── Data extracts ──

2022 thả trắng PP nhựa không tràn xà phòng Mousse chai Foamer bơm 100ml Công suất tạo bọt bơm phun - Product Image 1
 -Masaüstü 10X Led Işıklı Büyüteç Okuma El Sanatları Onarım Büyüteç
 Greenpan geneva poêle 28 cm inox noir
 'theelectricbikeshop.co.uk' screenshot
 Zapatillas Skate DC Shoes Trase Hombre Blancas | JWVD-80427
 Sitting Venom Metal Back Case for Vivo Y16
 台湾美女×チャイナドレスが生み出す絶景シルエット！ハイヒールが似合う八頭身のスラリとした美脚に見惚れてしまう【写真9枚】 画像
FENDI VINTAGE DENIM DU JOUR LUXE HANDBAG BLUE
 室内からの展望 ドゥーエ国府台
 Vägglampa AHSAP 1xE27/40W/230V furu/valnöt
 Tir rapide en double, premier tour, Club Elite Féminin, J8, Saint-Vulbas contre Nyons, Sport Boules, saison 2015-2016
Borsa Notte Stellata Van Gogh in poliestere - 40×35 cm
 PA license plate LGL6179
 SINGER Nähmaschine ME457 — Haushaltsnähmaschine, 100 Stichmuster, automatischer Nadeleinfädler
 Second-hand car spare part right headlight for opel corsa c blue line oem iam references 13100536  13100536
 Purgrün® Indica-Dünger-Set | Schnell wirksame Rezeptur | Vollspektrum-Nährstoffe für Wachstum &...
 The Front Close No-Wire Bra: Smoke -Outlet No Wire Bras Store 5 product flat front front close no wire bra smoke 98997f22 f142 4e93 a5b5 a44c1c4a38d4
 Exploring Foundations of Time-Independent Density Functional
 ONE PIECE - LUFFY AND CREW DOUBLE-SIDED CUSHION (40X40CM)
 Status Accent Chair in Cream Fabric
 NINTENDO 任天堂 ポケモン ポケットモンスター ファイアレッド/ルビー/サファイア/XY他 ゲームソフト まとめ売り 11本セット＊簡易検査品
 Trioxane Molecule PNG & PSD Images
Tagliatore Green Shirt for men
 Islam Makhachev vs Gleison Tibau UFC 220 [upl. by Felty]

───

#### What the exercise asks
The reply should consist solely of the lines of the data, exact, from the opening line through the line with "室内からの展望 ドゥーエ国府台", inclusive.

#### Output below
2022 thả trắng PP nhựa không tràn xà phòng Mousse chai Foamer bơm 100ml Công suất tạo bọt bơm phun - Product Image 1
 -Masaüstü 10X Led Işıklı Büyüteç Okuma El Sanatları Onarım Büyüteç
 Greenpan geneva poêle 28 cm inox noir
 'theelectricbikeshop.co.uk' screenshot
 Zapatillas Skate DC Shoes Trase Hombre Blancas | JWVD-80427
 Sitting Venom Metal Back Case for Vivo Y16
 台湾美女×チャイナドレスが生み出す絶景シルエット！ハイヒールが似合う八頭身のスラリとした美脚に見惚れてしまう【写真9枚】 画像
FENDI VINTAGE DENIM DU JOUR LUXE HANDBAG BLUE
 室内からの展望 ドゥーエ国府台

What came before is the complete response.